Intraday Patterns In Stock Price Movements
The aggregate trading stimulants/activity of large players create short-term patterns in stock price behavior, suggests a study entitled “Are You Trading Predictably?”. The Authors calculate returns over 13 half-hour intervals each day using intraday bid and ask prices for 4,494 U.S. stocks over the period of January 2001 through December 2009.
For a simple univariate cross-sectional regression of the form r(i,t) = α(k,t) + γ(k,t)r(i,t-k) + u(i,t), where variable r(i,t) is the return of stock iduring interval t and the variable r(i,t-k) is the return of stock i in interval (t–k), the above graph plots the time-series averages of γ(k,t) (in percent).
- Stocks which outperform the market in a given half-hour interval tend to exhibit rapidly decaying underperformance over the next several hours, followed by periodic outperformance in the same half-hour interval on subsequent days.
- This effect is notably stronger for the first and last half-hours of the trading day, but exists for all half-hour intervals.

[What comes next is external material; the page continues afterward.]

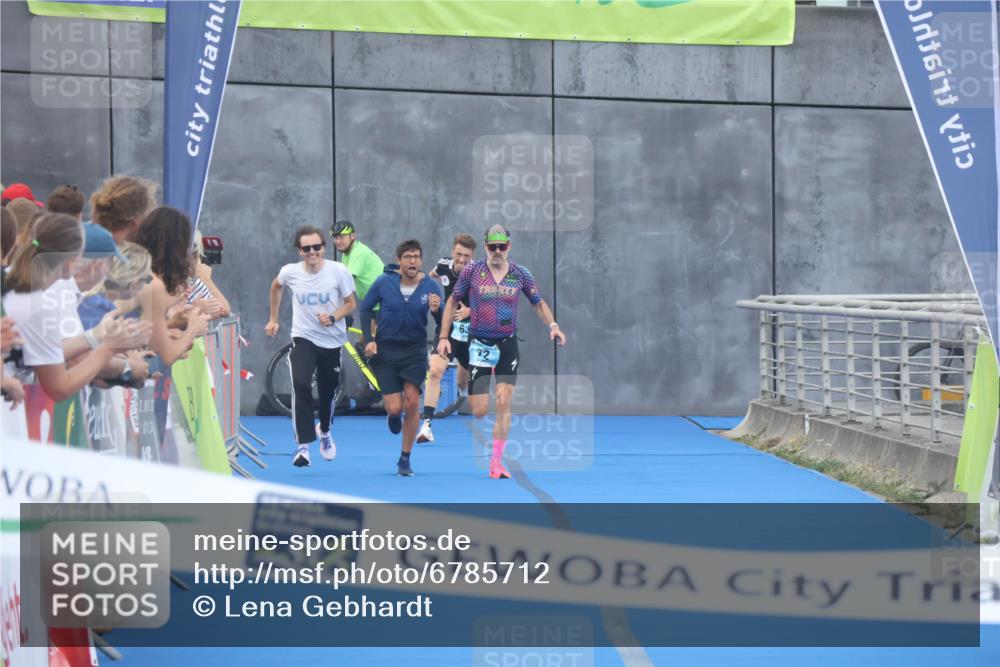 11.08.2024 - GEWOBA Citytriathlon Bremen Lena Gebhardt http://msf.ph/oto/6785712 11.08.2024 11:02:48 Ziel 63, 72 meine-sportfotos.de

- The effect is consistent across years in the sample period, except for a possible reduction in magnitude during 2009.
- Percentage changes in trading volume exhibit a similar pattern, but do not explain the return pattern.
- The magnitude of the pattern is sizeable relative to institutional commissions and effective spreads, so randomizing or (better) shifting trade timing to exploit the pattern could substantially reduce friction for frequent, low-cost traders.